Vers: fully distributed Coded Computing System with Distributed Encoding

Coded computing has proved to be useful in distributed computing. We have observed that almost all coded computing systems studied so far consider a setup of one master and some workers. However, recently emerging technologies such as blockchain, internet of things, and federated learning introduce new requirements for coded computing systems. In these systems, data is generated in a distributed manner, so central encoding/decoding by a master is not feasible and scalable.
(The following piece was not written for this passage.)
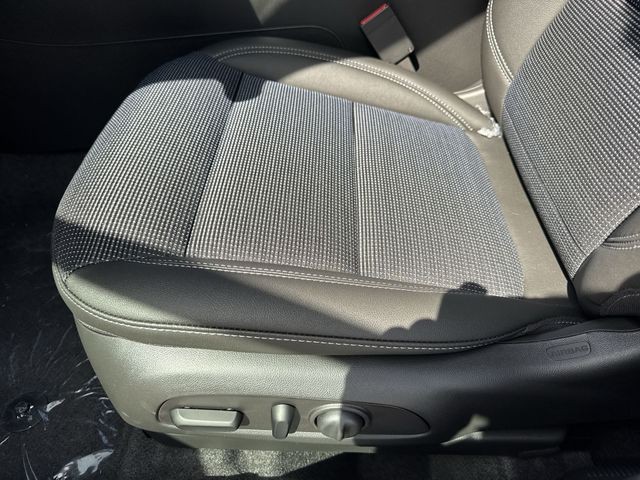 Buick Envista Vehicle Full-screen Gallery Image 12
This paper presents a fully distributed coded computing system that consists of $k\in\mathbb{N}$ data owners and $N\in\mathbb{N}$ workers, where data owners employ workers to do some computations on their data, as specified by a target function $f$ of degree $d\in\mathbb{N}$. As there is no central encoder, workers perform encoding themselves, prior to computation phase. The challenge in this system is the presence of adversarial data owners that do not know the data of honest data owners but cause discrepancies by sending different data to different workers, which is detrimental to local encodings in workers. There are at most $\beta\in\mathbb{N}$ adversarial data owners, and each sends at most $v\in\mathbb{N}$ different versions of data. Since the adversaries and their possibly colluded behavior are not known to workers and honest data owners, workers compute tags of their received data, in addition to their main computational task, and send them to data owners to help them in decoding. We introduce a tag function that allows data owners to partition workers into sets that previously had received the same data from all data owners. Then, we characterize the fundamental limit of the system, $t^*$, which is the minimum number of workers whose work can be used to correctly calculate the desired function of data of honest data owners. We show that $t^*=v^{\beta}d(K-1)+1$, and present converse and achievable proofs.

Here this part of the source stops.